United States District Court, E.D. Texas, Tyler Division
Jun 27, 2023
Civil Action 6:23cv316 (E.D. Tex. Jun. 27, 2023)

Opinion

Civil Action 6:23cv316

06-27-2023

LARRY COLEMAN HICKS #2270069 v. BRIAN COLLIER, et al.


REPORT AND RECOMMENDATION OF THE UNITED STATES MAGISTRATE JUDGE

K. NICOLE MITCHELL, UNITED STATES MAGISTRATE JUDGE

Larry Coleman, a prisoner of the Texas Department of Criminal Justice (TDCJ) proceeding pro se, filed this civil lawsuit without paying the filing fee and presumably seeks to proceed in forma pauperis (IFP). The case was referred to the undersigned for findings of fact, conclusions of law, and recommendations for the disposition of the case.

Title 28 U.S.C. § 1915(g), added by Act of Congress on April 26, 1996, as part of the Prison Litigation Reform Act, provides the following:

In no event shall a prisoner bring a civil action or appeal a judgment in a civil action or proceeding under this section if the prisoner has, on three or more prior occasions, while incarcerated or detained in any facility, brought an action or appeal in a court of the United States that was dismissed on the ground that it is frivolous, malicious, or fails to state a claim upon which relief can be granted, unless the prisoner is under imminent danger of serious physical injury.

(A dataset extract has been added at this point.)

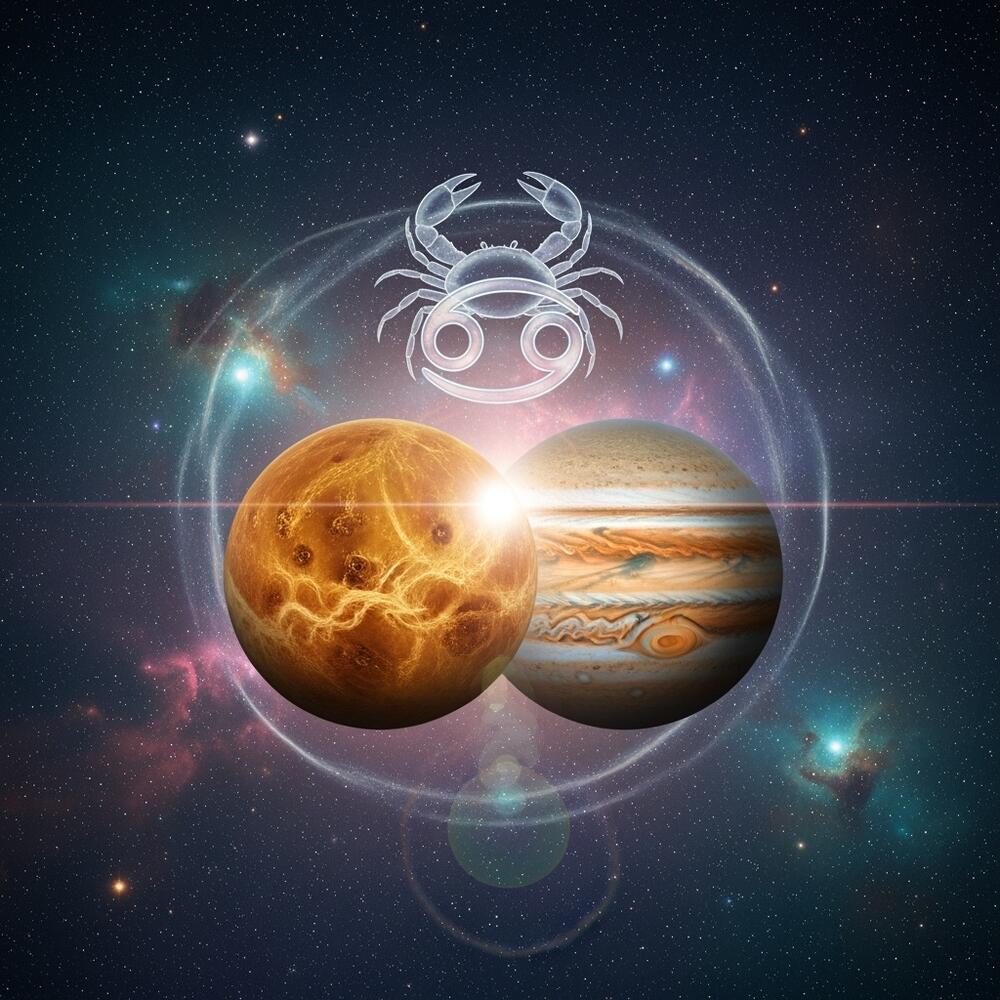 Konjukcija Venere i Jupitera u Raku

Plaintiff has accumulated at least three strikes for the purposes of this statute. See Hicks v. Gentry, No. 6:18cv598 (E.D. Tex. May 15, 2019) (dismissing as repetitive and malicious); Hicks v. Gentry, No. 6:18cv358 (E.D. Tex. Jan. 7, 2019) (dismissing as malicious); Hicks v. Bingham, No. 6:18cv308 (E.D. Tex. Nov. 28, 2018) (dismissing as frivolous and for failure to state a claim); Hicks v. Russell, No. 6:18cv362 (E.D. Tex. Sep. 27, 2018) (dismissing as frivolous and for failure to state a claim). Accordingly, Plaintiff may not proceed with this lawsuit without full payment of the filing fee unless he is in imminent danger of serious physical injury.

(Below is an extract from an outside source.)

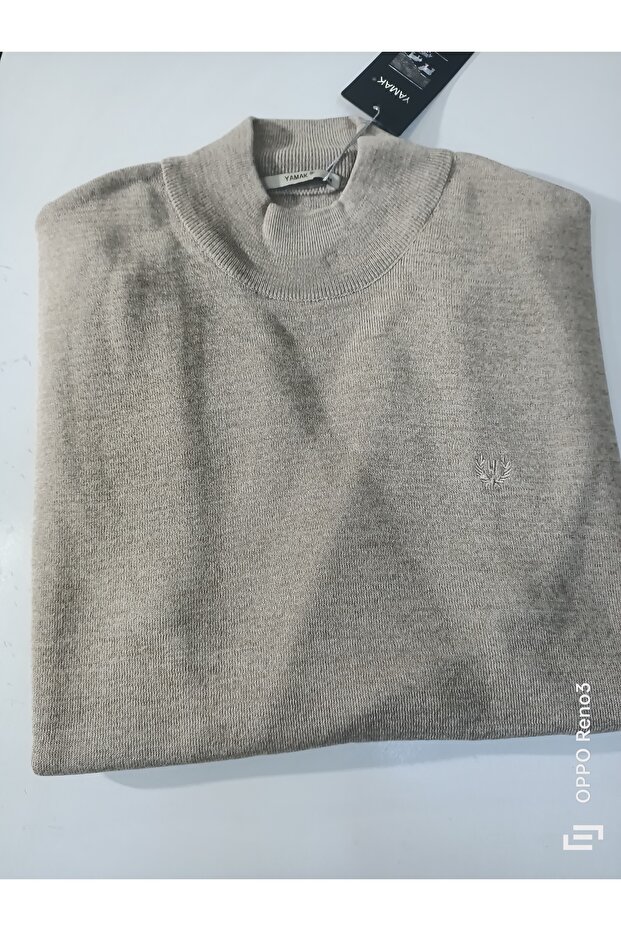 Yamak Knitwear Steel Mesh Woolen Half Turtleneck Sweater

To meet the imminent danger requirement of Section 1915(g), the threat of serious physical injury must be “real and proximate.” See Ciarpaglini v. Saini, 352 F.3d 328, 330 (7th Cir. 2003). Allegations of past harm do not suffice; instead, the harm must be imminent or occurring at the time that the complaint or notice of appeal is filed-and the exception refers to “a genuine emergency” in which “time is pressing.” See Heimerman v. Litscher, 337 F.3d 781, 782 (7th Cir. 2003); see also Abdul-Akbar v. McKelvie, 239 F.3d 307, 313 (5th Cir. 2001) (“Someone whose danger has passed cannot be reasonably be described as someone who ‘is' in danger, nor can that past danger reasonably be described as ‘imminent.'”); Medberry v. Butler, 185 F.3d 1189, 1193 (11th Cir. 1999) (“Congress' use of the present tense in § 1915(g) confirms that a prisoner's allegation that he faced imminent danger sometime in the past is an insufficient basis to allow him to proceed in forma pauperis....”). Moreover, to establish an imminent danger for the purpose of Section 1915(g), a plaintiff's factual allegations must “not [be] fanciful, fantastic, or delusional.” Jones v. Hutto, No. 3:19-CV-1359-N-BN, 2019 WL 3307068, at *2 (N.D. Tex. June 11, 2019), report and recommendation adopted, No. 3:19-CV-1359-N, 2019 WL 3304791 (N.D. Tex. July 23, 2019).

Plaintiff's complaint does not satisfy that standard. His allegations that Defendants “tried to murder [him] with two tanks, two women, two shooters, and a grey alien clone” are clearly delusional and would not support a finding of any present danger of physical injury even if they were true. (Dkt. #1 at 3.) The Court should therefore bar Plaintiff from proceeding in forma pauperis in this case and dismiss it for nonpayment of the filing fee.

RECOMMENDATION

The Court should accordingly deny Plaintiff leave to proceed without prepayment of the filing fee pursuant to 28 U.S.C. § 1915(g) and summarily dismiss this action with prejudice as to the refiling of another in forma pauperis lawsuit raising the same claims, but without prejudice to the refiling of this lawsuit upon payment of the full $402.00 filing fee. Should Plaintiff pay the full fee within 15 days after the date of entry of dismissal of the present case, he should be allowed to proceed in this lawsuit as though the full fee had been paid from the outset.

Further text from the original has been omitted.